- Even as the number of coronavirus cases in the U.S. surges, Dr. Fauci recently stressed that the pandemic will eventually come to an end.
- In a best-case scenario, Fauci believes an effective vaccine candidate will be approved as early as November of this year.
- 49% of Americans, however, recently indicated that they would avoid a coronavirus vaccine due to concerns about side effects.
The coronavirus pandemic is still raging across the United States and, truth be told, the situation is likely to get worse before it gets better. With fall in full swing and winter around the corner, colder temperatures and the impending flu season will likely cause a massive spike in new coronavirus cases according to health experts. What’s more, the current state of the coronavirus in the U.S. is far from encouraging given that the rate of new coronavirus infections is still rising at a steady clip.
Still, it’s worth remembering that the coronavirus will, at some point, be something we can firmly put in the rearview mirror. In an ideal scenario, a vaccine will be developed and approved towards the end of the year and, if all goes well, administered to the entire country before 2022. Of course, in the interim, people should still adhere to safety guidelines such as social distancing, proper hand hygiene, and mask-wearing when appropriate.
While Dr. Anthony Fauci has recently expressed concern over the way some states are handling the coronavirus, he did recently tell Wired that the coronavirus will eventually stop being an ongoing concern.
“This outbreak will end,” Fauci said. “We will get a vaccine. And if we combine a vaccine with prudent public health measures, we can put this behind us.”
Fauci also stressed the importance of remaining vigilant in the fight against the coronavirus. Other health professionals have echoed this same sentiment, noting that restaurants and bars reopening shouldn’t result in people taking coronavirus safety measures any less seriously.
“Despair makes you throw your hands up and say, it doesn’t matter what I do, what’s going to happen is going to happen,” Fauci added. “That is incorrect. It does matter what we do. And if we do it for a while longer, we will look behind us and the outbreak will be behind us, not among us.”

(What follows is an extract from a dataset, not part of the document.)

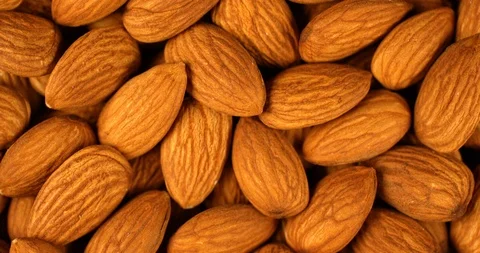 Almond nuts rotating in slow motion. Extreme close up top view, shot on RED 6K Stock Footage 107388323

All that said, there is any number of unknowns regarding a potential coronavirus vaccine. Even if we assume that a vaccine candidate gets approved later this year, there’s no indication as to how effective such a vaccine might be. Fauci previously said that the first coronavirus vaccine may only be effective 50-60% of the time. What’s more, the first coronavirus vaccine will likely require individuals to take multiple doses. This, in turn, would reduce the available quantity of doses and lengthen the amount of time necessary to administer the vaccine to the entire country.
As a final aside, it’s worth pointing out that 49% of Americans — according to a recent Pew Research Center study — indicated that they wouldn’t take a coronavirus vaccine due to safety concerns about possible side effects. Additionally, the overall interest in a COVID-19 vaccine appears to be waning. While a survey back in May revealed that 42% of respondents would be willing to take a coronavirus vaccine, that number dipped down to 21% as of September.